## What is being asked
Repeat the data word for word, excluding every picture.

## Information shown
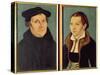 Double Portrait of Martin Luther and Katherin Von Bora, 1529 (Oil on Panel)-Lucas Cranach the Elder-Stretched Canvas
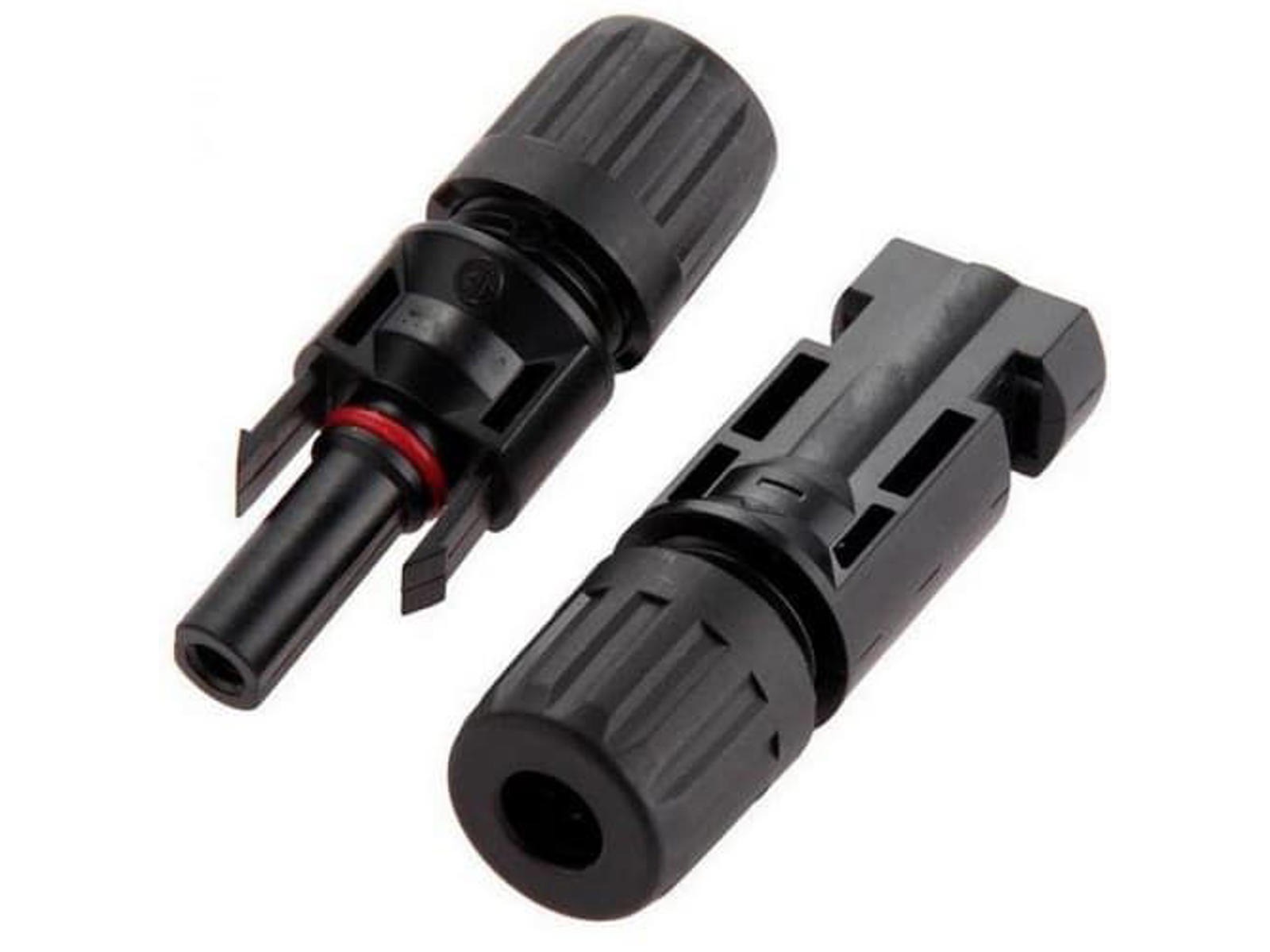 Solar connector pair MC4, 1x Male/1x Female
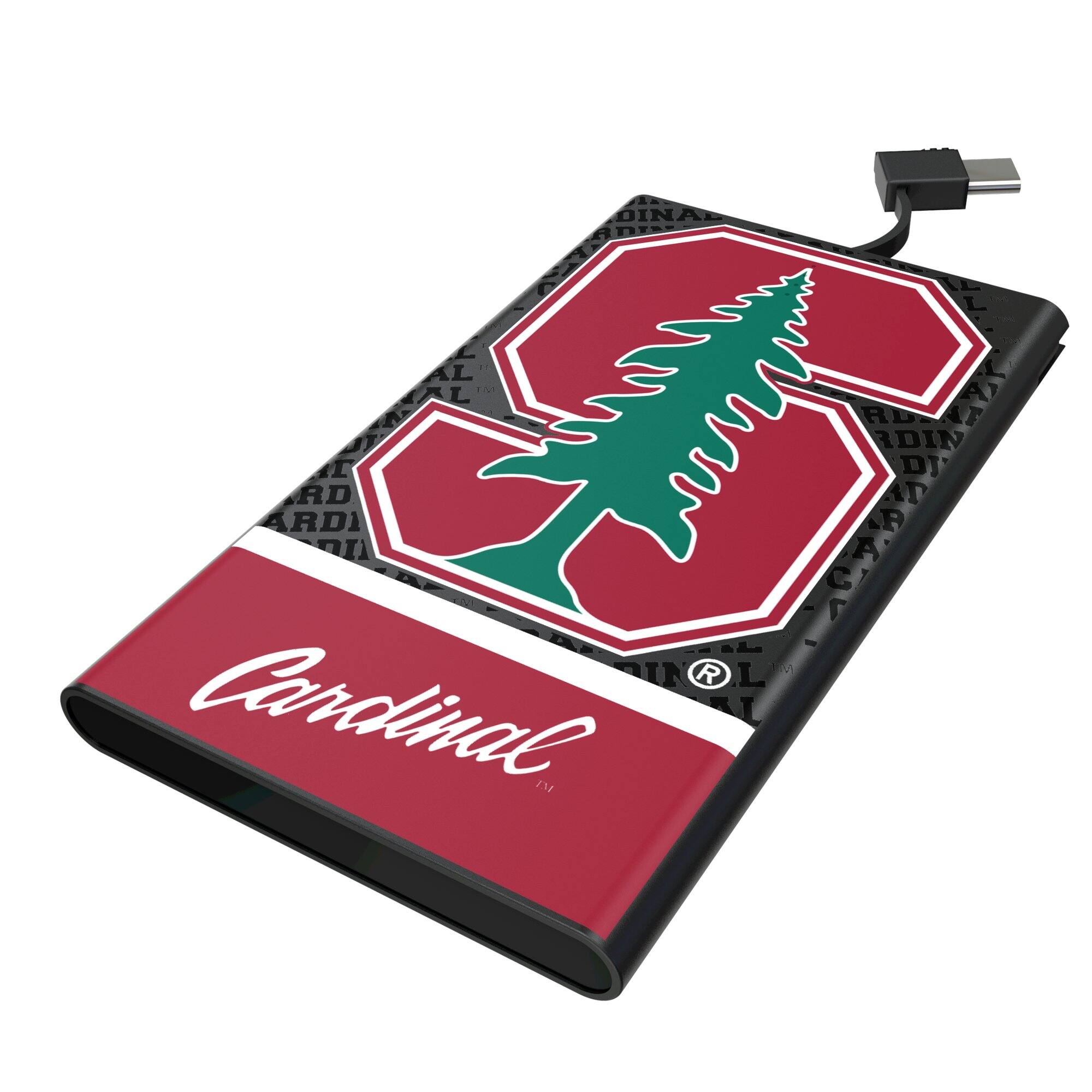 Keyscaper - Stanford Cardinal Endzone Plus 5000mAh Flat Powerbank - Black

## Answer box
 Double Portrait of Martin Luther and Katherin Von Bora, 1529 (Oil on Panel)-Lucas Cranach the Elder-Stretched Canvas
 Solar connector pair MC4, 1x Male/1x Female
 Keyscaper - Stanford Cardinal Endzone Plus 5000mAh Flat Powerbank - Black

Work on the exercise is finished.